Making gender about, for and by girls & women — reflections from Canada’s Feminist Learning Series

By Alison Holder, Director, Equal Measures 2030

For the Government with a Feminist Prime Minister and a Feminist Foreign Policy, a learning series that prompts discussion and shares best practices to promote gender equality and the empowerment of women and girls, naturally follows.

Equal Measures 2030 was proud to work with Global Affairs Canada (the department leading international development and humanitarian assistance for Canada) and representatives from Canadian civil society to present a Feminist Learning Series on “Using gender data to create transformative change” in April.

Over 100 representatives from the Government of Canada and civil society gathered to share their experience and ask questions about the importance of feminist approaches to data collection, sharing and use.

For me, gender data is far from being just data that is about girls and women. For a truly feminist approach to gender data, we must also talk about data that is for girls and women — made useful and accessible for gender equality advocates everywhere. And by girls and women, placing rights holders at the centre of this work.

To delve into this topic, I shared a panel with two leaders from Canadian civil society working in the gender data space — Jackie Hansen from Amnesty International Canada and Mayssam Zaaroura from Oxfam Canada. Together, we shared our organisation’s feminist approaches to data with examples from Canada, South Asia, and EM2030’s six focus countries.

For a truly feminist approach to gender data, we must also talk about data that is for and by girls and women, not just about them.

The starkest message I took away from the event is how common the gender data challenges and opportunities are for advocates, no matter the differences in their context. For Equal Measures 2030, our early work in our six focus countries has already indicated that gender equality advocates face major challenges in effectively accessing, understanding, using and rigorously collecting data to support their advocacy work.

We continually hear the frustration from advocates that the available data doesn’t reflect the lived realities of the girls and women in their communities. How can that be improved?

The starkest message I took away from the event was how common the gender data challenges and opportunities are for advocates, no matter the differences in their context.

Using data to leave no one behind — lessons from Amnesty International Canada

It was eye opening to hear Jackie reflect very similar messages when describing the data challenges related to gender-based violence against Indigenous women, girls and two-spirit people in Canada. There are indications that violence against these groups is actually increasing but it is impossible to say by how much because of inconsistent collection methods.

The SDGs are a universal agenda, applying equally to Canada as to low and middle-income countries. And it seems, so too are the gender data challenges. It was quite shocking to hear that there are inconsistencies in the way that Indigenous identities of crime victims are determined and reported.

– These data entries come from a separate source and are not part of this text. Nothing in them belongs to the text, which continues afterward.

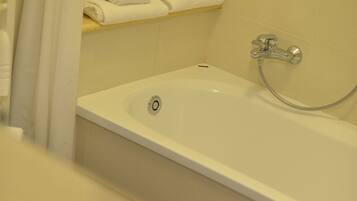 A bathroom with a bathtub, a shower, and a sink.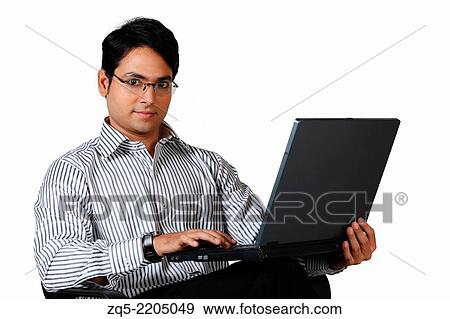 Stock Photo - A corporate working on laptop, Pune, India.. Fotosearch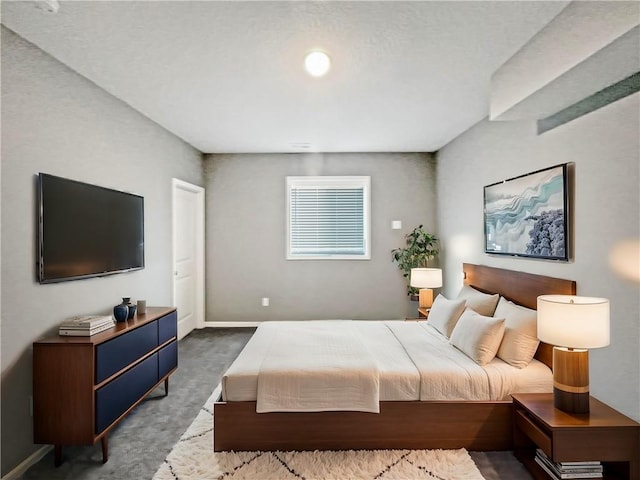 bedroom featuring baseboards and carpet flooring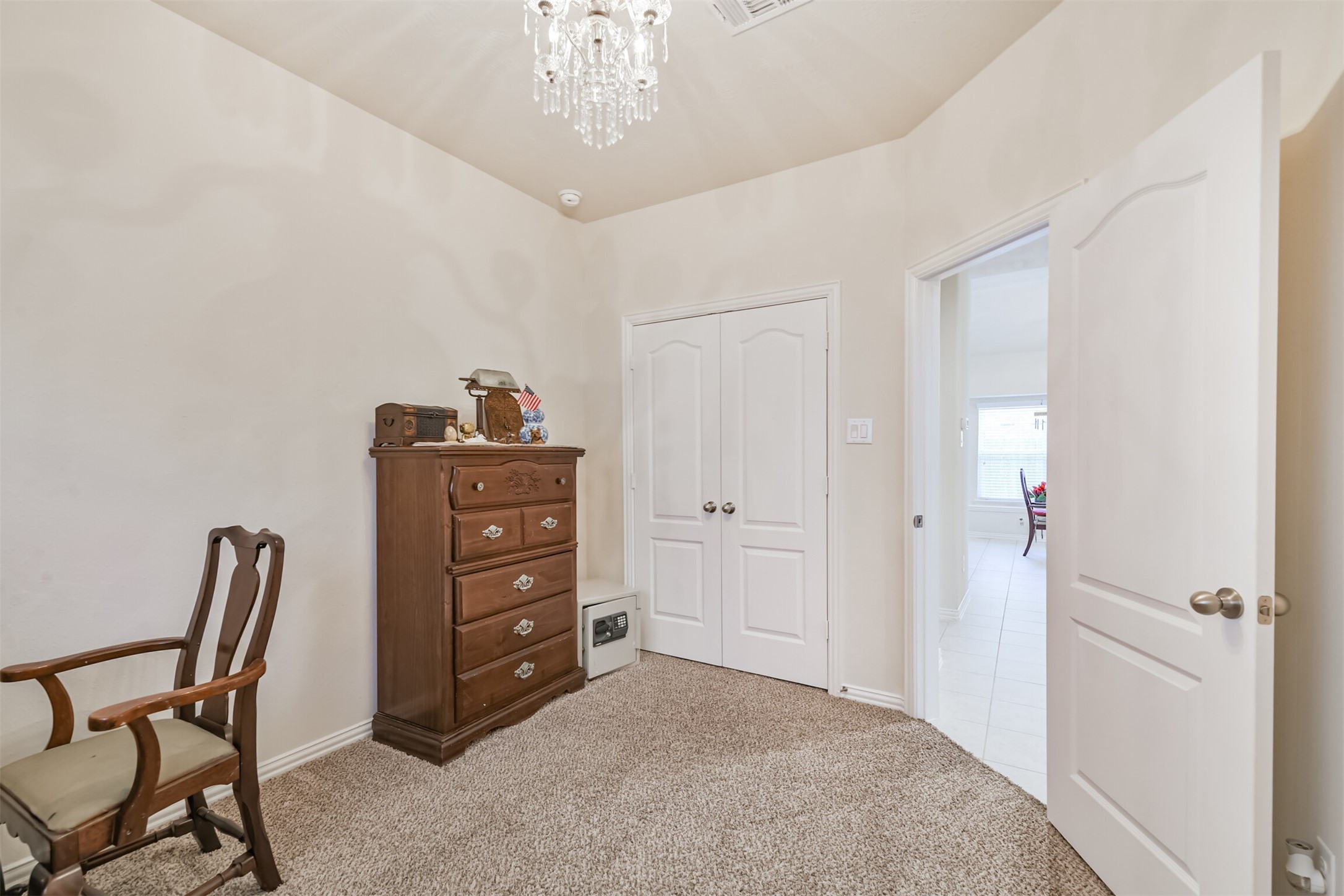 7527 Windsor Valley Lane Houston, TX 77049 - Photo 30 of 35 a room with a dresser and chair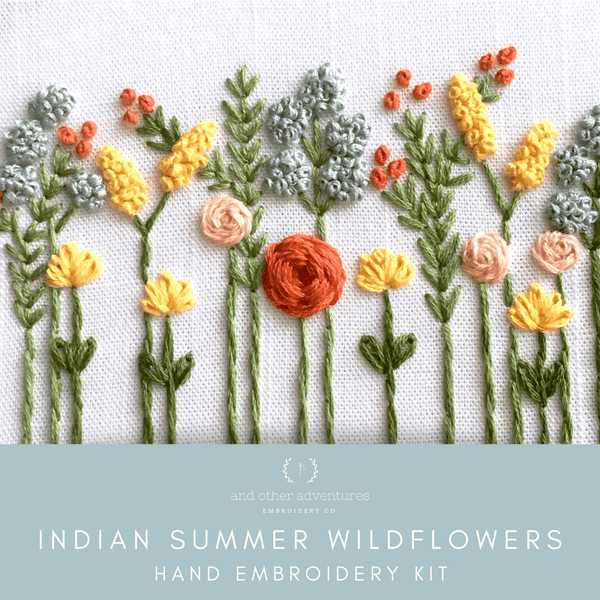 Hand embroidered design of Indian summer wildflowers on a white background with 'and other adventures' branding.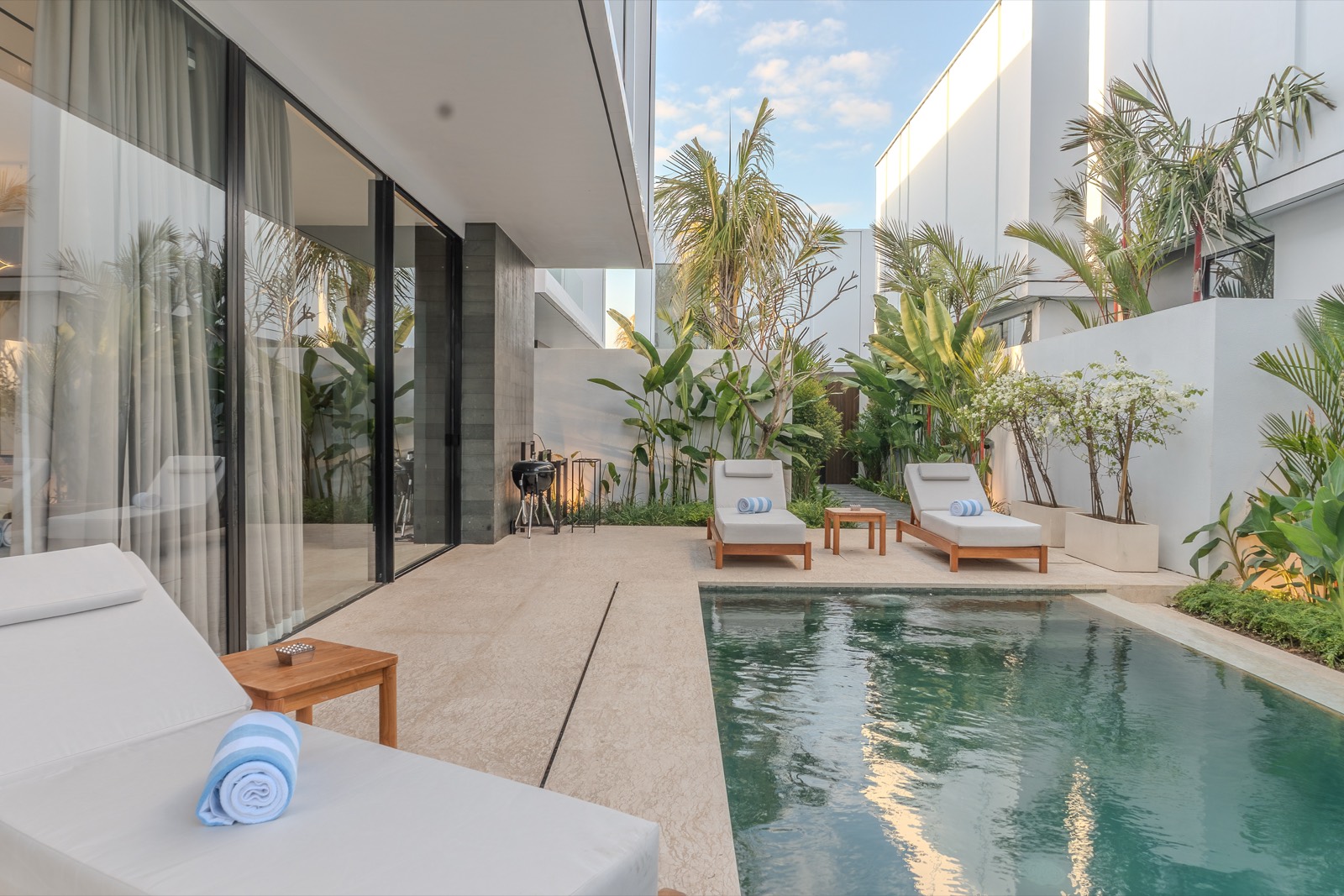 The pool running alongside the planted courtyard wall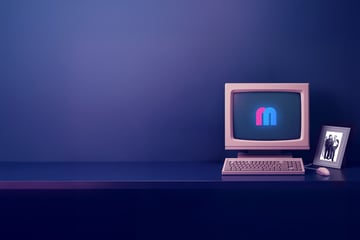 Ein Retro-Computer-Setup auf einem Tisch mit einem gerahmten Foto daneben in einem purpur beleuchteten Raum.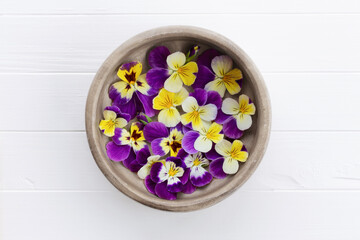 Obraz na płótnie Canvas Pansies in a wooden bowl. Edible flowers, field pansies, violets on a white wooden table. Concept of edible flowers. Cuisine ingredient, condiment.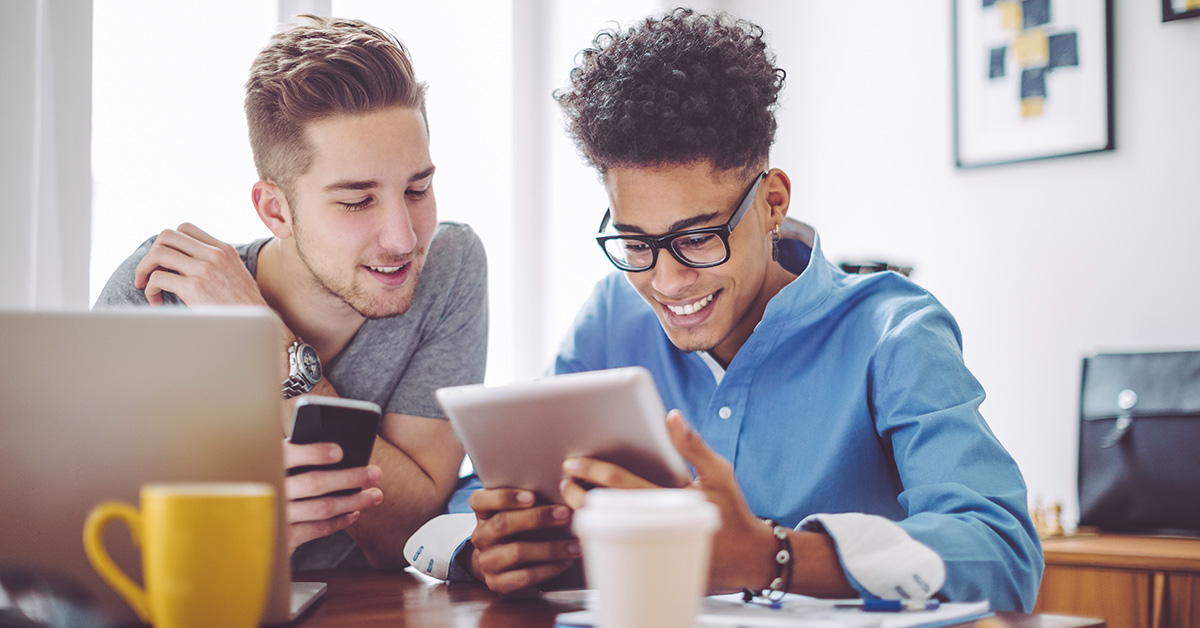 Dois jovens estão sentados lado a lado olhando para telas de dispositivos móveis para representar live sobre tecnologia e empreendedorismo social.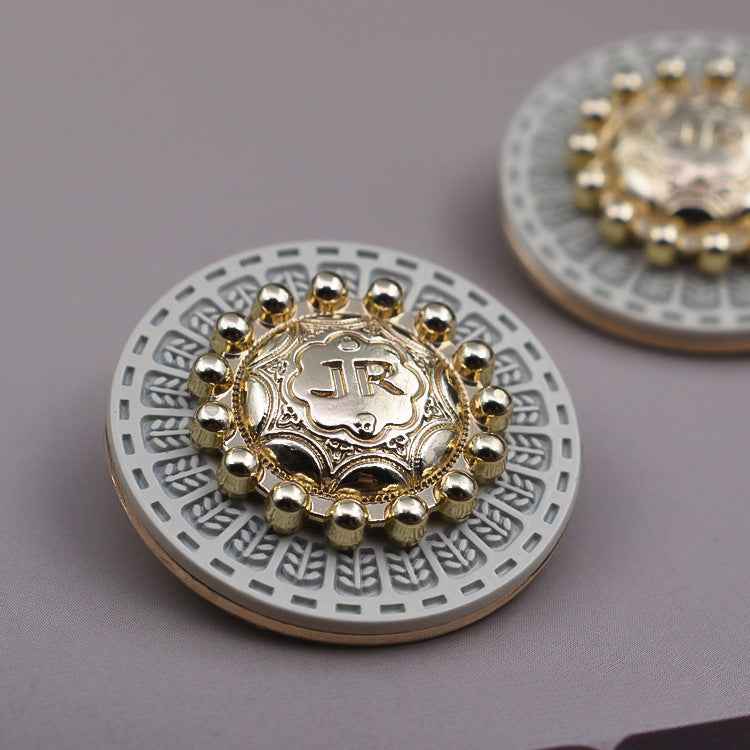 Round vintage metal shank button, gold center with white base and bead border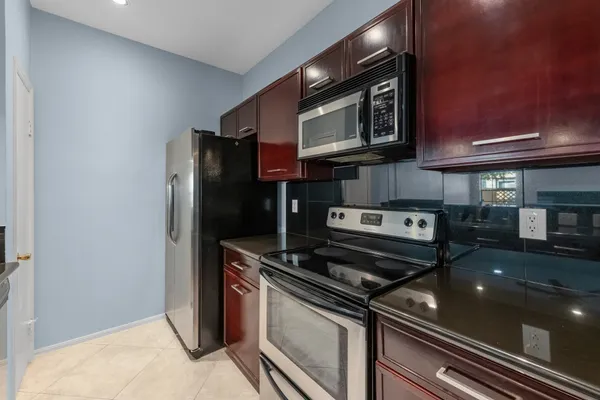 a kitchen with a stove microwave and sink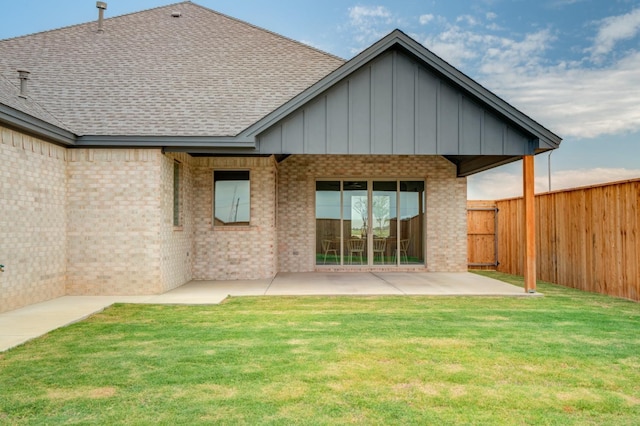 back of house with a patio and a lawn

The inability to use data to track how certain groups of girls and women are particularly affected by rights abuses is one that resonates for gender equality advocates globally. How can we ensure that the SDGs leave no one behind, if we don’t even have the basic data to understand which groups are worst affected and why?

Data to improve programme design and policy influencing — lessons from Oxfam Canada

Mayssam described the importance of data — and data being used — through Oxfam’s approach to creating a feminist learning system within a project cycle. She talked about work they are doing in six South Asian countries, where feminist evidence is contributing to a reduction in child and early forced marriage and violence against girls and women.

I took away three key points from Mayssam’s talk:

1. Ensuring that project knowledge “nuggets” (learnings) are used not just for programme design and quality, but also for broader policy influencing.

2. A feminist learning system ensures that those affected by the challenges addressed by the project are also involved in data collection and in using evidence to improve project design and to influence policies.

3. The process of being involved in data collection, data analysis and use is empowering and has transformative effects on the communities that are involved.

What next?

Through these examples, the common threads across our work were abundantly clear: gender data initiatives must be rooted in and centred on the rights holders themselves — nothing about us without us.

gender data initiatives must be rooted in and centred on the rights holders themselves — nothing about us without us.

Civil society data collection efforts can be an important catalyst for more systematic efforts by governments — but these must be supported with long-term core funding and with capacity strengthening to ensure that data collection efforts are rigorous and credible.

If we continue to prioritise feminist approaches to data collection, sharing and use — approaches where the data is about, for and by girls and women — we are better able to identify barriers and gaps, leading us to develop transformative programmes and policies that truly promote gender equality and empower girls and women to reach their full potential.